‘Take a peek inside any underwear or sock drawer across Australia and New Zealand and you’re sure to find some Holeproof products. With a huge range of popular and instantly recognisable brands, we are one of the region’s leading clothing companies supplying the equivalent of two briefs and a pair of socks for every man, woman and child in our market every year.’ So says the Holeproof Australia website, the company that was under siege a few years ago for a provocative advertisement that appeared on the website for pop princess Kylie Minogue’s junior line of underwear called Love Kylie Princess, which is targeted at girls from 8 to 16 years old. The range features items like bras and high-cut briefs trimmed with glitter. The site directed children to the adult Love Kylie range, describing the items as ‘sexy, lacy, racy, girly, fun, comfortable for every day… and night’.

Instead of admitting a howling error of judgement, Holeproof have become defensive claiming their marketing is “…about little girls. It’s about having fun…we’re really specific about the audiences that we target.”

These companies must think that Australian Mums’ and Dads’ are stupid. In defending the indefensible they have elevated themselves to a hall of corporate shame, alongside the tobacco industry and parts of the alcohol industry, who over the years have regularly claimed that their marketing only targets adults. This is as sensible as claiming you can have a chlorine free part of a swimming pool.

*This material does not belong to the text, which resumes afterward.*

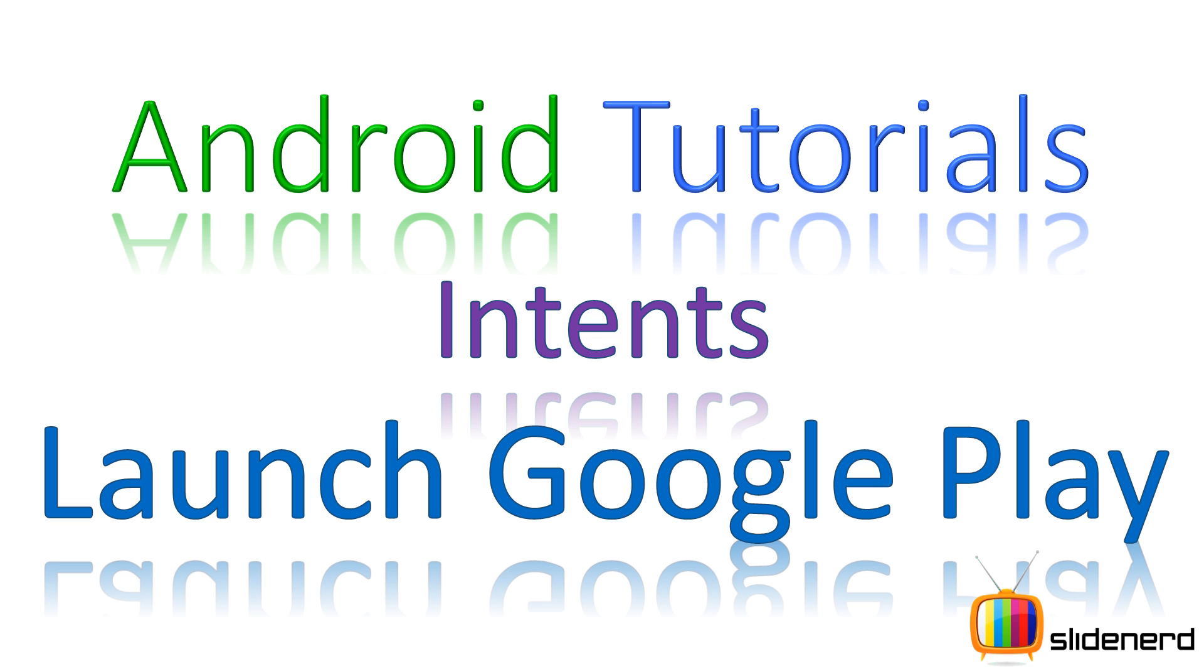Hey subscribers and watchers, what's up? This is me Wives from SlideNerd. In this video we're going to continue our discussion of different Android examples. We're going to talk about how to install another app from your app in Android.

Obviously the folk from the marketing department of Holeproof need to read the report released in December last year, by the Australia Institute entitled “Letting Children Be Children- Stopping the sexualisation of children in Australia”. This report so upset David Jones that their chief executive Mark McInnes threatened the Australia Institute with a lawsuit unless it removed references to David Jones on the institute’s website.

The report’s author Emma Rush noted that images of sexualised children were becoming increasingly common in advertising and marketing material and she used the term ‘Corporate paedophilia’ to describe advertising and marketing that sexualises children in these ways. Notwithstanding  the obvious negative effects of eroding childhood and fast-tracking little girls into adulthood, psychologists have begun to document the consequences of the early sexualisation of girls in media and found them to be very real.

According to a report released in February this year by the American Psychological Association, evidence had been found  that the proliferation of sexualised images of girls and young women in advertising, merchandising and the media was harmful to girls’ self-image and healthy development, leading to a lack of confidence with their bodies as well as depression and eating disorders. The researchers said such images also have a negative effect on healthy sexual development in girls.

Holeproof’s production of “hot” clothing in children’s sizes is not the first, nor I suspect the last time we will see as retailers continue to offer G-strings, padded bras and sexy lingerie to the ‘tween’ market. So we must rely on parents to show good judgment and boycott this line of underwear and if Holeproof  continue to show the ethics of a cash register I for one will ‘peek inside my underwear or sock drawer’ and toss out their products and urge parents of Australia to do the same.

Dr Michael Carr-Gregg is an adolescent psychologist working in private practice in Kew, Melbourne and is the author of the Princess Bitchface Syndrome (Penguin 2006). Editor Ramesh Manocha.